Here is the full flow: extract URLs into your knowledge base, then search them.

import KnowledgeSDK from "@knowledgesdk/node";

const client = new KnowledgeSDK({ apiKey: process.env.KNOWLEDGESDK_API_KEY });

// Step 1: Extract and index specific URLs
const urls = [
  "https://competitor.com/pricing",
  "https://competitor.com/features",
  "https://competitor.com/docs/api",
];

for (const url of urls) {
  await client.extract(url);
  console.log(`Indexed: ${url}`);
}

// Step 2: Search your private corpus
const results = await client.search("what are the rate limits on their API?", {
  limit: 5,
});

for (const item of results.items) {
  console.log(`[${item.score.toFixed(2)}] ${item.title}`);
  console.log(item.snippet);
}

from knowledgesdk import KnowledgeSDK

client = KnowledgeSDK(api_key=KNOWLEDGESDK_API_KEY)

# Step 1: Extract and index specific URLs
urls = [
    "https://competitor.com/pricing",
    "https://competitor.com/features",
    "https://competitor.com/docs/api",
]

for url in urls:
    client.extract(url)
    print(f"Indexed: {url}")

# Step 2: Search your private corpus
results = client.search("what are the rate limits on their API?", limit=5)
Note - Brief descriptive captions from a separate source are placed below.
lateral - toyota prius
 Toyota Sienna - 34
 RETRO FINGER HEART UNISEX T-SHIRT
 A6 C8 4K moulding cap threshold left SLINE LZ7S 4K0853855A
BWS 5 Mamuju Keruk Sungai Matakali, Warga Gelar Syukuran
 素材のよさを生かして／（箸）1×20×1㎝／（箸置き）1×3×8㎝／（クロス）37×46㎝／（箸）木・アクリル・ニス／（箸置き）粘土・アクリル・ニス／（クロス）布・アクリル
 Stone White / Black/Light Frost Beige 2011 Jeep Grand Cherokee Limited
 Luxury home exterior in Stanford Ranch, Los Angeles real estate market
for item in results.items:
    print(f"[{item.score:.2f}] {item.title}")
    print(item.snippet)

The search uses hybrid retrieval — vector similarity via pgvector plus keyword fallback — so it handles both semantic queries ("what are the authentication options?") and specific term lookups ("OAuth2") reliably.

Using Both in One Agent

Most production AI systems benefit from both approaches in a layered architecture:

async function search(query: string) {
  // First: check private corpus (fast, high precision)
  const privateResults = await ksClient.search(query, { limit: 3 });

  if (privateResults.items.length > 0 && privateResults.items[0].score > 0.78) {
    return { source: "corpus", results: privateResults.items };
  }

  // Fallback: public web search for out-of-corpus queries
  const webResults = await tavilyClient.search(query, { maxResults: 3 });
  return { source: "web", results: webResults.results };
}

Your private corpus handles everything you have explicitly indexed with high precision. Tavily or Exa covers the long tail of general questions that go beyond your curated content.

Summary

The distinction is straightforward once you see it:

Public web search (Tavily, Exa): use when the question requires broad internet coverage and you do not know the sources ahead of time
Private corpus search (KnowledgeSDK): use when you have a defined set of URLs, need control over what your agent knows, and want consistent, auditable retrieval

For most production AI agents that operate in a specific domain — customer support, competitive intelligence, documentation Q&A — private corpus search is the correct default. Public web search is a useful fallback, not the primary retrieval layer.